Senior Economist at UOB Group Alvin Liew reviews the latest GDP figures in Japan.
Japan’s first preliminary estimate of the 3Q23 GDP disappointed as the economy contracted more than expected, at -0.5% q/q (-2.1% q/q annualized rate) while 2Q’s annualized growth was revised lower to 4.5% (from previous estimate of 4.8%). This is Japan’s first sequential decline since the strong 1H23 rebound as nearly all of the major components of the economy (including private consumption, business spending and net exports) faltered in 3Q except for government consumption.

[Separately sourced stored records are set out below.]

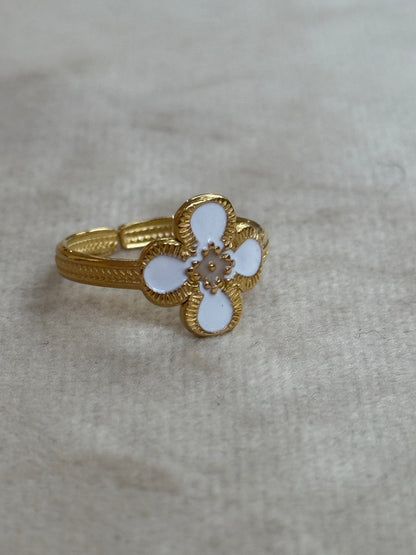 White Clover Enamel Gold Ring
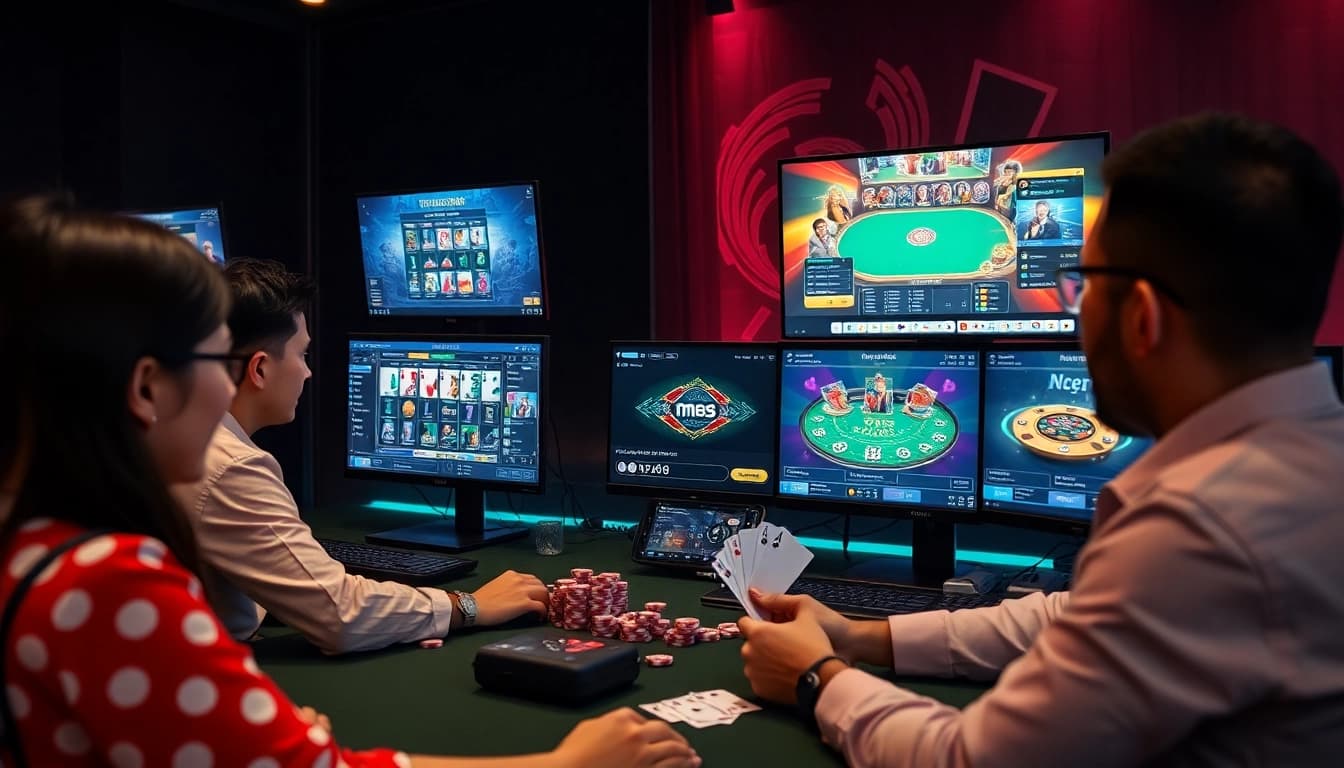 Engaging online betting scene showcasing mm88 nhà cái with diverse players at a modern virtual casino.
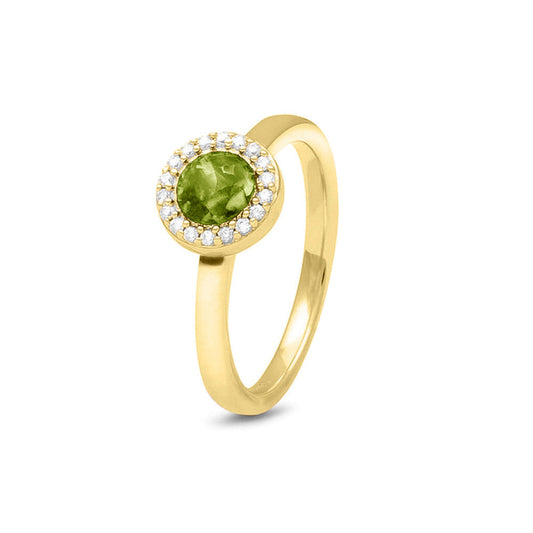 Gedenksieraad, ring 2.5 mm breed met edelstenen naar keuze rondom het compartiment waar zichtbaar as of haar in verwerkt wordt. Green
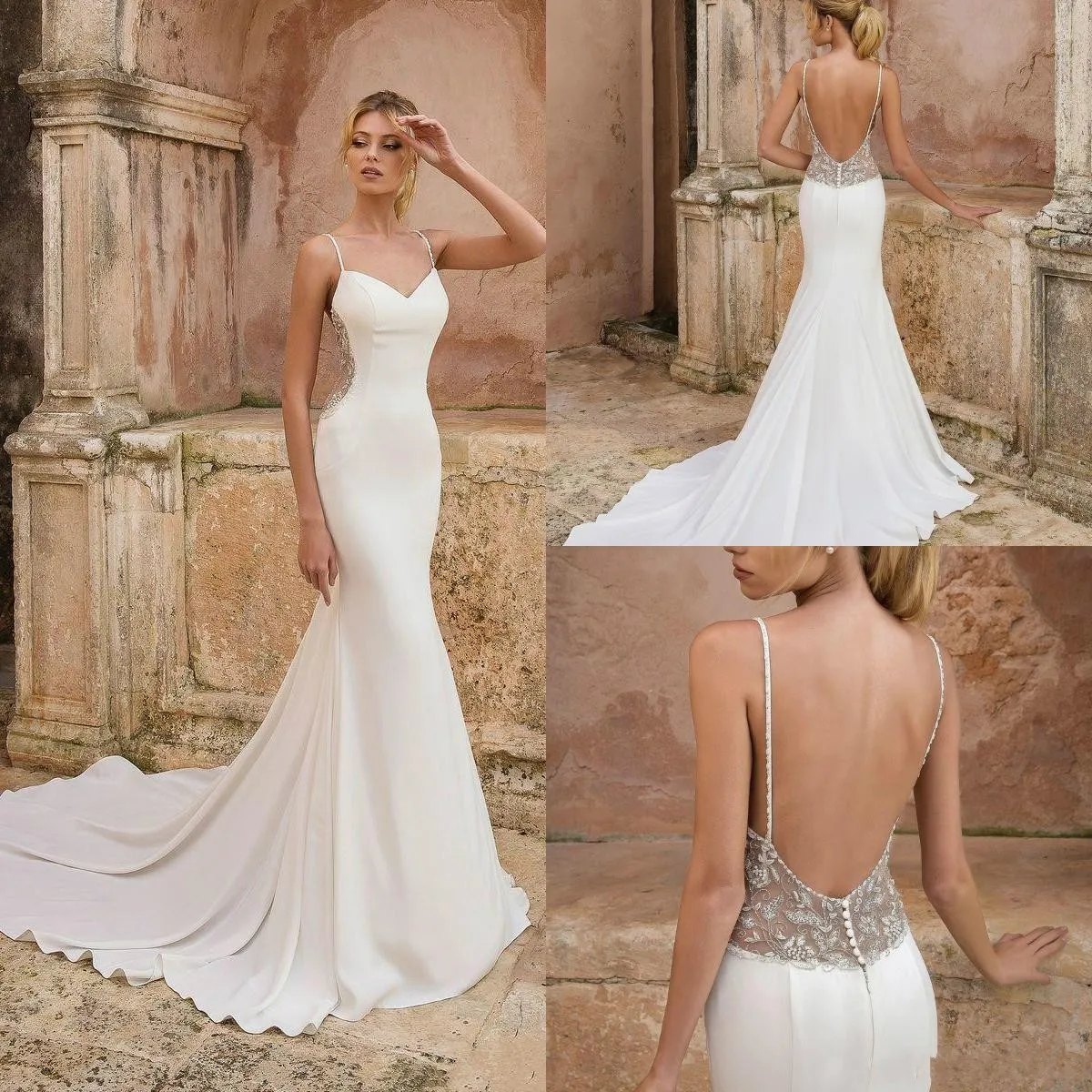 Seksowna plaża Plus Size Syrenki Suknie Ślubne Spaghetti Pasy Satin Backless Bohemian Boho Suknia Ślubna Sweep Pociąg Kraj Bridal Suknie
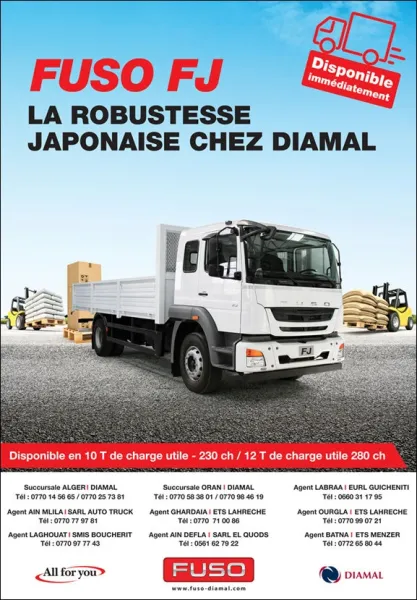 Diamal / Fuso : Disponibilité immédiate des Fuso FJ 10 et 12T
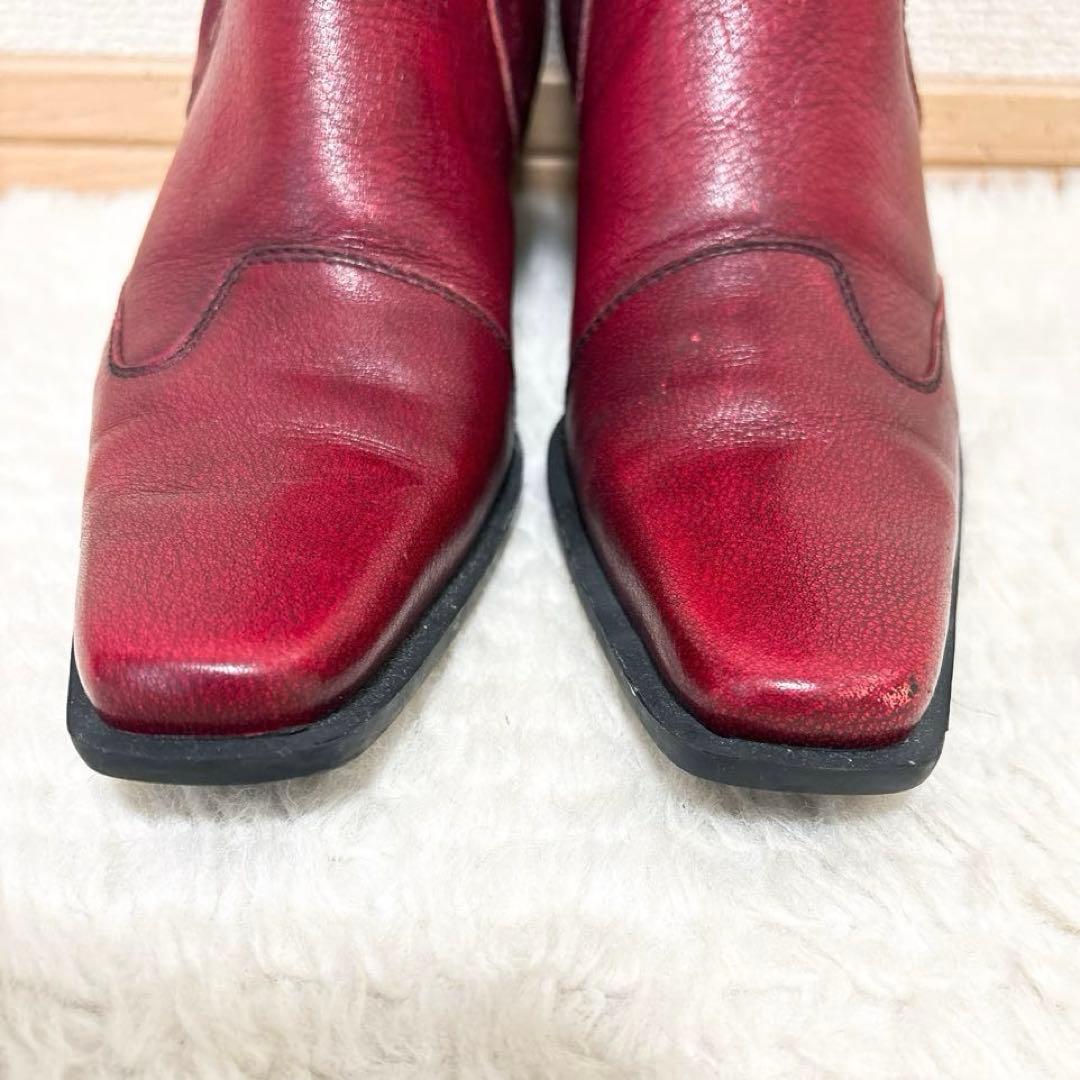 新品 訳あり イタリア製 ミュウミュウ レザーブーツ サイズ35 2/1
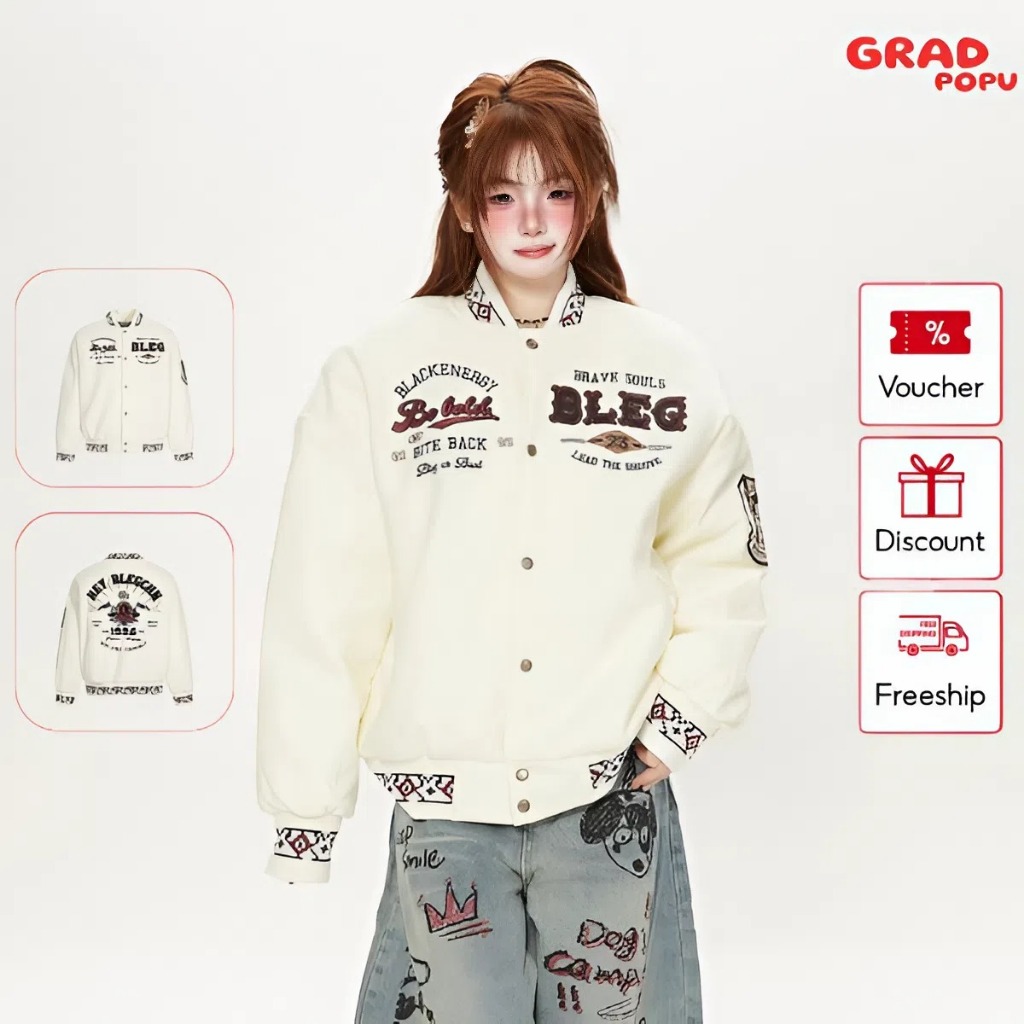 Áo khoác nữ GRADPOPU bóng chày chần bông kiểu Mỹ chất cotton lưng thêu họa tiết kim cương AK427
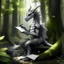 Placeholder: A dragonoid human with grey scales and a flexible tail in the middle of taking notes in a magical forest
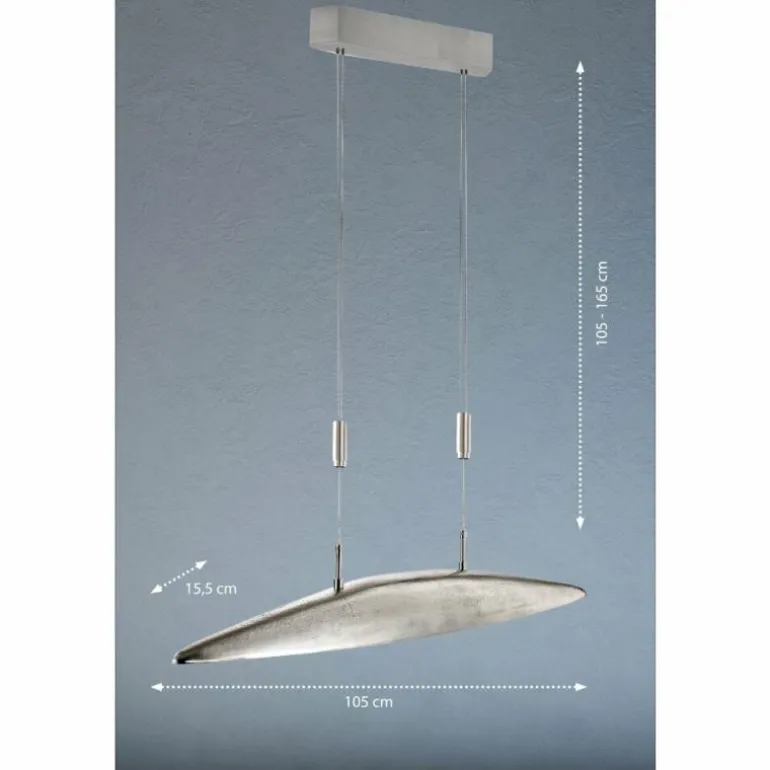Suspension Fischer & Honsel Colmar LED Brun foncé, Nickel mat, 5 lumières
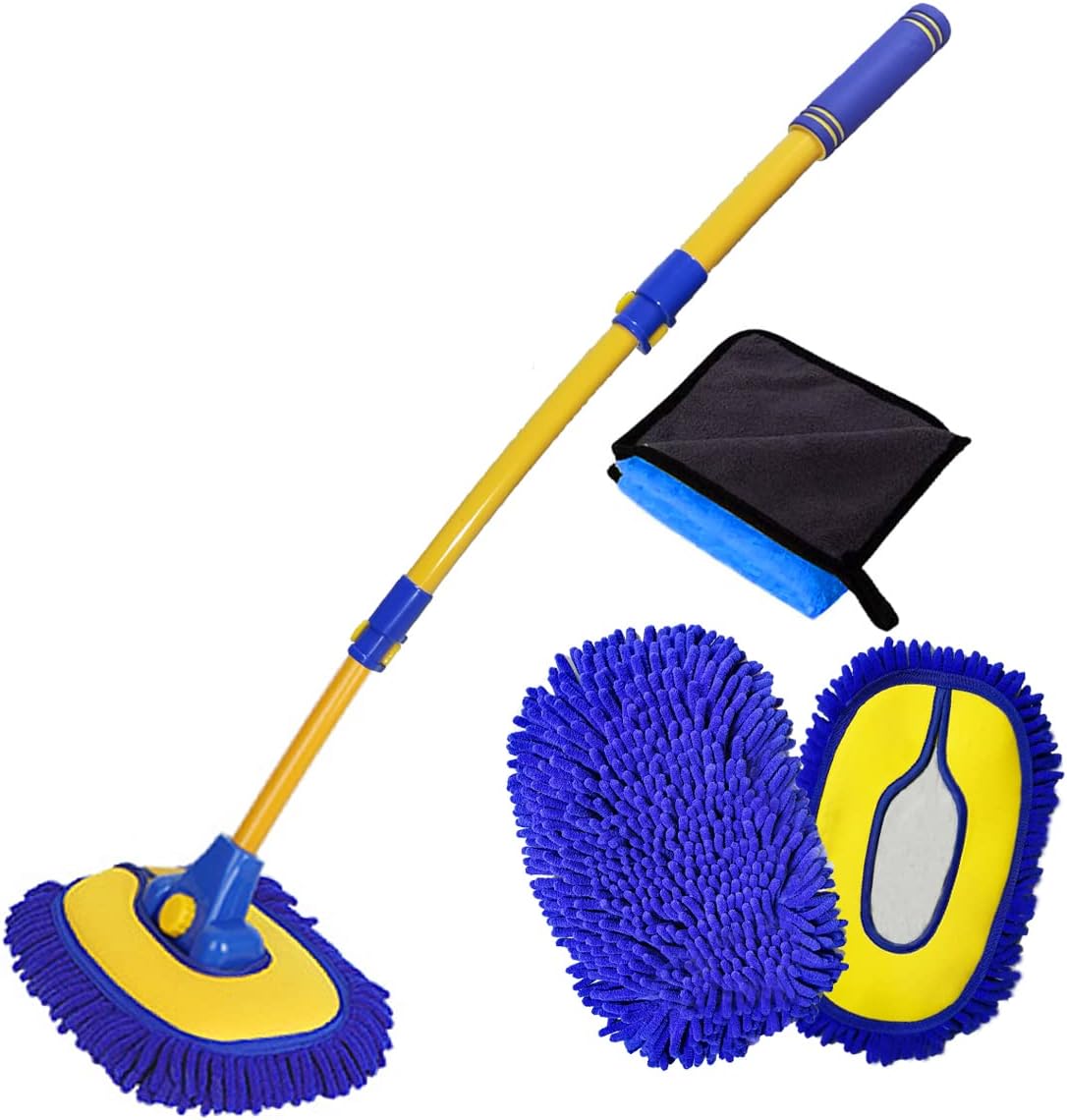 Car Wash Brush with Long Handle, Microfiber Towels Car Wash Kit Cleaning Supplies, Car Wash Mop Mitt with 2 Replacement Head , Extension Pole Car Brush Cleaning Kit for Cars Trucks(Blue)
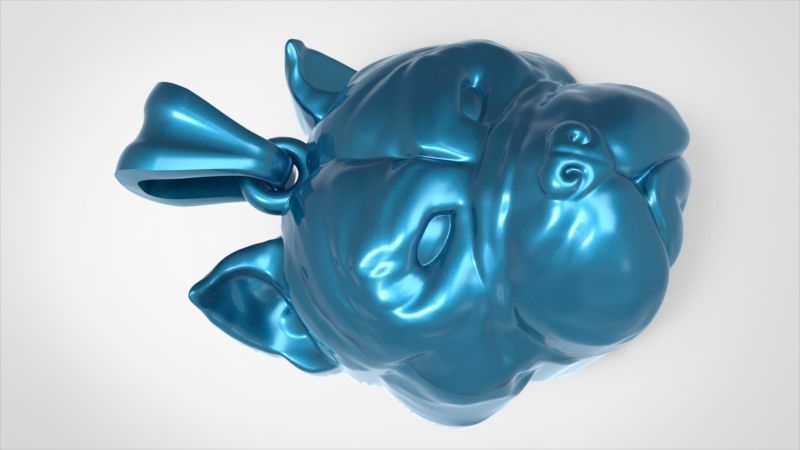 head pitbull dog pendant 3D print model_28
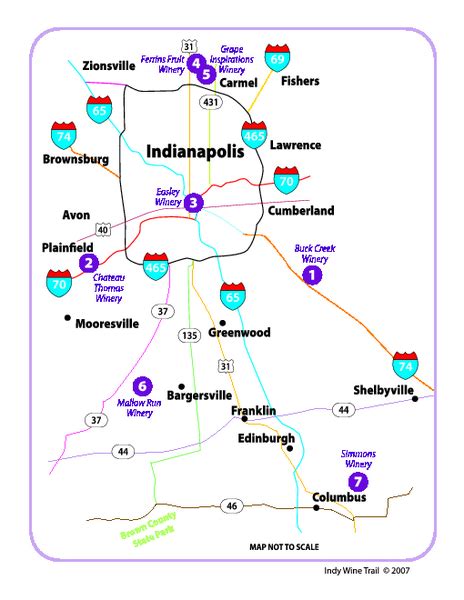 Indy Wine Trail Map Indianapolis Indiana Mappery
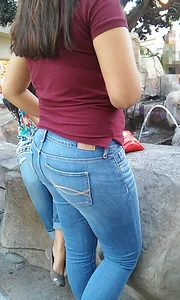 Nice Latina ass in tight jeans with vpl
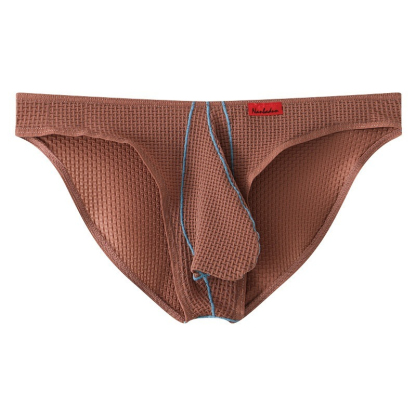 【零壓裸感體驗】透氣輕薄華夫格立體塑形囊袋純色性感男士三角内褲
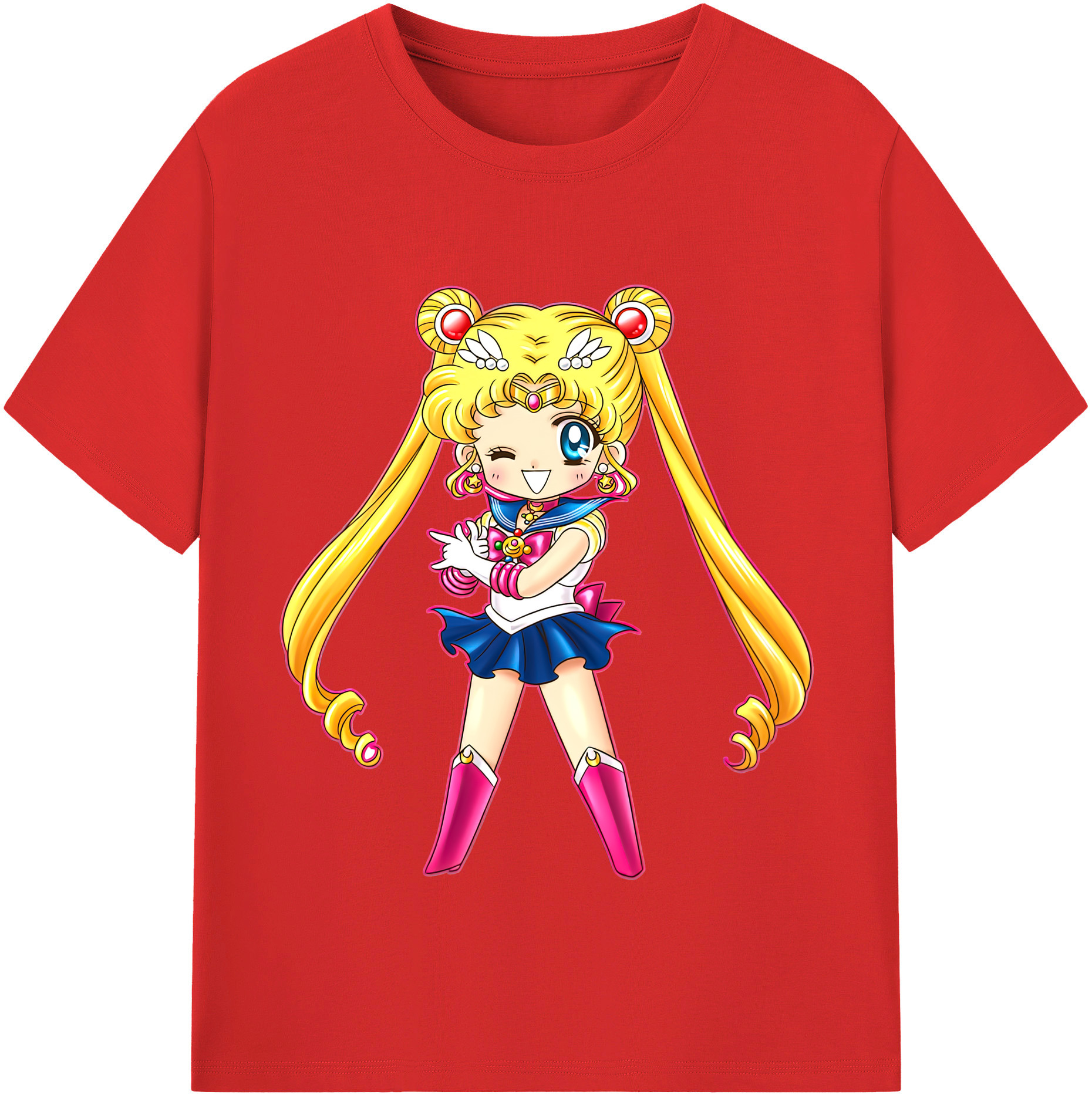 （画像用） 美少女戦士セーラームーン 月野 うさぎ つきの うさぎ Sailor Moon Tsukino Usagi レディースカジュアルプリントTシャツ（綿100％）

Japan GDP Outlook – Walking Into A Technical Recession Our growth outlook for Japan continued to be weighed by the downside factors of weak domestic demand, uncertain external demand landscape, financial market jitteriness on the back of tighter monetary policies stance among advanced economies while partly cushioned by upside factors of improving tourism and positive impact on in-person services. Japan’s manufacturing and external-oriented service sectors remained challenged and at the same time, the risks of a persistently weaker yen and costlier energy commodities could re-balloon Japan’s import bill, and that in turn will hurt net exports and subtract growth from GDP. The influx of foreign tourists and a cheaper yen have helped Japan’s services sector fare better and anchor the domestic recovery but downside risk to services depends on the extent of global and China growth slowdown and Japan’s services PMI has clearly seen its uptrend easing in the recent months. For now, we maintain our 2023 GDP growth forecast at 1.5%, compared to the 0.9% growth pace recorded in 2022. We expect growth to slow further to 1.0% in 2024.